Impossible, en outre, de nous faire comprendre, ces gens-là ne parlant ni le français ni l’arabe.

J’ai dit aussi dans mes Mémoires comment, au milieu d’un tel décor, je me souvins que c’était mon anniversaire de naissance. Mais je n’ai pas raconté cette chose à classer dans ce que j’appelle « aventures sans explication ». Redescendue seule dans la salle d’en bas, j’y fis soudain cette incompréhensible découverte : un piano droit Erard flambant neuf, richement pourvu d’éditions jamais ouvertes encore de Bach, Beethoven, Schumann, Chopin — de quoi pour mli passer une soirée enchantée, après tant de mois où je n’avais pu faire aucune musique.

Des deux ou trois nuits dormies au hasard des postes forestiers qui nous recueillaient de leur mieux, je ne garde qu’un néfaste souvenir de puces, punaises et autres bestioles. Il faut accepter tout quand on a choisi l’inexploré. Mais notre hébergement le plus inédit fut celui de l’école de Marabouts pour laquelle nous nous étions mis en route.

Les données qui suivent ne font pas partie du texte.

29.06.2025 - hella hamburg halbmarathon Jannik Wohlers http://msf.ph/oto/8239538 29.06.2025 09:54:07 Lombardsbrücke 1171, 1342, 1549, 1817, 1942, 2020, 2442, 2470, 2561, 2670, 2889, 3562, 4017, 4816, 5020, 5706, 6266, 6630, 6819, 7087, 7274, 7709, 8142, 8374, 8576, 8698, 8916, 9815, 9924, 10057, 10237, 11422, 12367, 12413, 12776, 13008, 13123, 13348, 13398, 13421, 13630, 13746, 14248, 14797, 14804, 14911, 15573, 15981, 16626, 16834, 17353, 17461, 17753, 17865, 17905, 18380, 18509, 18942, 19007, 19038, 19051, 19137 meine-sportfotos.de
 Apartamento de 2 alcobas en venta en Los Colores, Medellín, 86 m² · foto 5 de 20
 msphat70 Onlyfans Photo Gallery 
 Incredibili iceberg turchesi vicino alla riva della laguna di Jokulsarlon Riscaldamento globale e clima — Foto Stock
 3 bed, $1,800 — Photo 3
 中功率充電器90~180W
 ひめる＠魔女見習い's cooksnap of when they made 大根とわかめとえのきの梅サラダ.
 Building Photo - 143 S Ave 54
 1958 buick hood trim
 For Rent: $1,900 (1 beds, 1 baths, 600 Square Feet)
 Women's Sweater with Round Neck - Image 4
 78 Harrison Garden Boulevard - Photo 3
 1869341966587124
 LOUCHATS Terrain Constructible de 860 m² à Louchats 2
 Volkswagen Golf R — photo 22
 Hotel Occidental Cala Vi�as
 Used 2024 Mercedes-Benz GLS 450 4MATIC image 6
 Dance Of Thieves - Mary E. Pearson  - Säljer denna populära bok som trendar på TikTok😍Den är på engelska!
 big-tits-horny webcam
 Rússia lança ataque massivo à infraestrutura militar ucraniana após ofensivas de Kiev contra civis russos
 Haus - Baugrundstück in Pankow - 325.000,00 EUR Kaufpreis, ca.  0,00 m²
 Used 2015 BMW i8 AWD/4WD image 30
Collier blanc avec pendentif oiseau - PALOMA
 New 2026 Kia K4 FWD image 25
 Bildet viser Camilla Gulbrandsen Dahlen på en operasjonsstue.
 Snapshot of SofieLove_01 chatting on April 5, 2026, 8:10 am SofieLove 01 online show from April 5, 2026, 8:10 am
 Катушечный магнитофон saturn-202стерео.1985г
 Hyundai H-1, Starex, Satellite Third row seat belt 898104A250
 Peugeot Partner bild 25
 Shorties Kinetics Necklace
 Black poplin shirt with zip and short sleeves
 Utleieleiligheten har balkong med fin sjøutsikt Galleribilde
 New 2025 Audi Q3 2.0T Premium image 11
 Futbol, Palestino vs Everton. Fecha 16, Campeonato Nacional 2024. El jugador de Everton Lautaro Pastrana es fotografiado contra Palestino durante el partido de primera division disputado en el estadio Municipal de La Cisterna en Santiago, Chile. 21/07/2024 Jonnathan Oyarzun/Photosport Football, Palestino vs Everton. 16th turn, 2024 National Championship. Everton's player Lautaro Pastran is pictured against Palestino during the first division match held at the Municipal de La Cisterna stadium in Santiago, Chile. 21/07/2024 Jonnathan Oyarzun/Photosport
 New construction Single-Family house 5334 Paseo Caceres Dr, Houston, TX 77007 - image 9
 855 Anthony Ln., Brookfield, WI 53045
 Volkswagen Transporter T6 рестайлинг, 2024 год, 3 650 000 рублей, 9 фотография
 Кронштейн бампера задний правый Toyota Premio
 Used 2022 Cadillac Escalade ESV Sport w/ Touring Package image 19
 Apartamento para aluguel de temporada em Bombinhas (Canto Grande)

Nous arrivons avec la nuit dans ce creux de forêt où nos chevaux avancent sans aucun bruit sur des matelas de feuilles déjà pourries. Au lieu de la demeure cubique et blanche, bien arabe, à laquelle nous nous attendions, c’est une petite bicoque de banlieue parisienne qui nous apparaît dans le clair-obscur, murs en nougat et toit de tuiles rouges toutes neuves. Et, dès les premiers mots du chef marabout accouru pour nous recevoir, il est facile de deviner qu’il est excessivement fier d’avoir fait construire cette triste chose.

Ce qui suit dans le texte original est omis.